An der lokalen Avantgarde-Front wurde der 45-jährige Regisseur – in den 1990er Jahren einst neben Künstlern wie Grzegorz Jarzyna Zugpferd des polnischen Theaters – mittlerweile abgelöst. Eine Generation junger, politisch Unzufriedener hat die Bühnen erobert; wenngleich nicht widerstandsfrei. Die Bezeichnung „Unzufriedene“ haben sie sich in der Auseinandersetzung mit der polnischen Tradition, dem realsozialistischen Erbe und den neokapitalistischen Exzessen erworben. Das Theaterfestival zeigt nun zwar, dass der Politiker – oder zumindest der diplomatische Anzugträger – zu den Lieblingshassfiguren der polnischen Gegenwartsbühne gehört. Es beweist aber auch, dass sich die jungen Zornigen dabei auf einem weiten ästhetischen Feld bewegen.

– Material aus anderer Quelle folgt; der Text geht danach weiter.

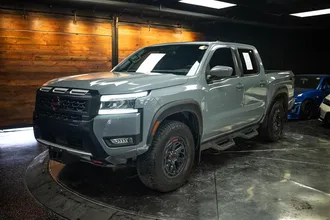 2025 NISSAN FRONTIER photo 2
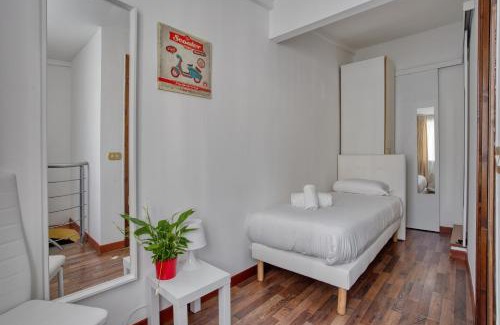 Zona Solari Apartment | JOIVY Spacious flat, excellent city centre access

Galionsfigur der neuen Regiegeneration ist Jan Klata. In seiner „Orestie“-Inszenierung bewegt sich der Chor so mechanisch im effektvoll angestrahlten Nebel, dass er an eine geradewegs aus „Second Life“ gefallene Marionettentruppe erinnert. Überhaupt traut Klata der (polnischen) Demokratie wenig zu. Der seinen Vater rächende Muttermörder Orest hüpft mit der Axt zur blutigen Tat und trägt dabei praktischerweise ein Plastikregencape, was den Vorteil hat, dass man darin Superman spielen kann. Auch das finale Göttergericht – antike Metapher für Rechtsprechung und Demokratie – versackt passend zum Fernsehduell der Wahlkampfgegner in westlichen Zerstreuungskulturtechniken: Apollon entert als veritables Robbie-Williams-Double die mittlerweile zum TV-Studio umdrapierte Bühne, und Athene zieht als rückenfreies Showgirl nach.

Der 31-jährige Michal Zadara bringt politische Macht und Ohnmacht subtiler ins Spiel, indem er Jan Kochanowskis über vierhundert Jahren alte „Abfertigung der griechischen Gesandten“ – das älteste polnische Drama überhaupt – in eine Modellstudie über politisches Kalkül verwandelt. Unter dem Gelächter der Zuschauer öffnet der gemeine Anzugträger auf minimalistisch leerer Bühne das Blendkästchen der politischen Rhetorik.

Zu den Regie-Rebellen gehört auch Wojciech Klemm. Der ehemalige Assistent von Frank Castorf an der Berliner Volksbühne war zwar nicht zum Wroclawer Theaterfestival eingeladen, hat aber kürzlich die 90 Autobahn-Minuten entfernte Provinzbühne von Jelenia Gora übernommen. Mit Akribie rollt Klemm die zwischen Traditionalisten und Avantgardisten in der polnischen Presse geführten Grabenkämpfe auf, die in ihren Grundzügen durchaus an so lustige Regietheaterbashing-Versuche wie die deutsche Ekeltheaterdebatte erinnern – allerdings mit dem Unterschied, dass sie sich in Polen auch politisch prächtig instrumentalisieren lassen.

Wie es mit derartigen Vereinnahmungs- und Einmischungsversuchen realiter aussieht, ist schwer zu sagen. Krystyna Meissner schaut ziemlich verdutzt, wenn man nach potenziellen Schwierigkeiten mit der polnischen Erstaufführung von „Engel in Amerika“ fragt. Anderes hört man aus den Provinzen. Zum Beispiel von Piotr Kruszczynski, der das Szaniawski-Theater in Walbrzych, einer Stadt mit hoher Arbeitslosenquote unweit von Breslau, zur impulsgebenden Bühne gemacht hat. Er bekommt regelmäßig Besuch von der Stadtregierung, in der Kaczynskis Partei „Recht und Gerechtigkeit“ das Sagen hat. Sie stößt sich nicht nur am dokumentarisch auf der Theaterbühne verhandelten Kindesmissbrauchsfall eines kirchlichen Würdenträgers, sondern auch am hochprofessionellen Männerstrip in Jean Genets „Balkon“.

Die Stadtregierung, erzählt der Intendant, will den Geldhahn zudrehen, wenn nicht endlich „positive Werte“ vermittelt werden. Piotr Kruszczynski wird die Hochrechnungen nach Schließung der Wahllokale aufmerksam verfolgen.